TAMs play a critical role in facilitating tumor metastasis. In the peritoneal cavity, TAMs contribute to the formation of multicellular spheroids with tumor cells, providing a protective environment that enhances tumor survival and facilitates peritoneal dissemination. Also, studies reveal that M2 macrophage–derived CCL4 activates the CCR5/PI3K pathway in mesothelial cells, inducing P-selectin expression. This facilitates CD24-mediated tumor–mesothelial adhesion in vitro and in vivo(108). TAMs within spheroids can secrete epidermal growth factor (EGF), resulting in the downstream upregulation of EGFR and VEGF signaling that promote tumor cell proliferation and migration. In mouse OC models treated with erlotinib, an EGFR inhibitor, exhibited reduced spheroid formation and metastatic progression, underscoring the important role of TAMs in disease progression (32). Moreover, EGF upregulates αMβ2 integrin on TAMs and ICAM-1 on tumor cells. Therefore, blocking EGFR signaling or neutralizing ICAM-1 reduced spheroid formation and cancer progression in mouse models (109, 110).
TAMs also play a pivotal role in promoting tumor cell dissemination by inducing epithelial-mesenchymal transition (EMT)—a process in which epithelial cells acquire mesenchymal traits, thereby enhancing their migratory and invasive capabilities. TAM-derived cytokines such as IL-6 and TNF-α activate signaling pathways like STAT3 and NF-κB in tumor cells, inducing EMT and increasing metastatic potential (111). Building on these findings, Li et al. demonstrated that TAM-derived CXCL8 promotes OC cell invasion by upregulating TRIM46 expression, which activates the Wnt/β-catenin signaling pathway and induces EMT (52). Furthermore, TAMs secrete MMPs that degrade the extracellular matrix, allowing tumor cells to invade surrounding tissues and enter the circulation (112).
4 Neutrophil in OC
Neutrophils are the most abundant circulating leukocytes and play a critical role in bridging innate and adaptive immunity. They are among the first immune cells recruited to areas of inflammation or malignancies and can influence the activity of other immune cells, including those of the adaptive immune system. Neutrophils have a short lifespan of approximately 7–10 hours in both humans and mice. However, cytokines secreted by tumor cells, such as G-CSF, IL-1β, IL-6, and TNF, can extend their longevity (113–115). Indeed, neutrophils are now recognized to be much longer-lived than previously thought, surviving for 5 days or more in the circulation (116), and they may even be able to survive for weeks in tissues.
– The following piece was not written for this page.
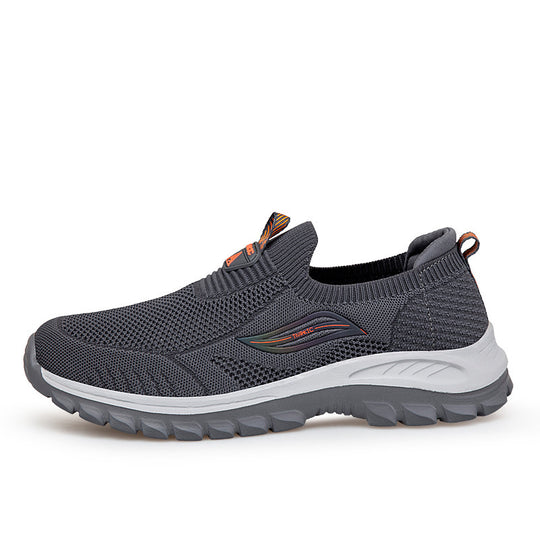 Damen Komfortable Slip-On Sneakers mit flexiblem Strickoberteil R&B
In various malignancies—including lung, breast, and gastric cancers—neutrophils constitute a substantial portion of immune cells infiltrating primary tumors, and their presence has been consistently associated with reduced overall survival and recurrence-free survival (117, 118). Extensive evidence supports a pro-tumor role for neutrophils in cancer progression. For instance, Bekes et al. demonstrated that neutrophils produce MMP9 within the TME, promoting angiogenesis, tumor growth, and metastasis in mouse transplantation models (119). Similarly, Yang et al. reported that elevated infiltration of TANs in epithelial OC impairs CD8+ T cell cytotoxicity, thereby fostering an immune-tolerant microenvironment and increasing the risk of recurrence (120). In HGSOC, TANs have also been shown to express high levels of immunosuppressive markers such as PD-L1 and CD14, with their presence correlating with diminished T cell function (121). Despite the growing recognition of NETs in cancer biology, their roles in OC have only begun to be explored (Table 2). The following subsections provide a detailed description of TANs.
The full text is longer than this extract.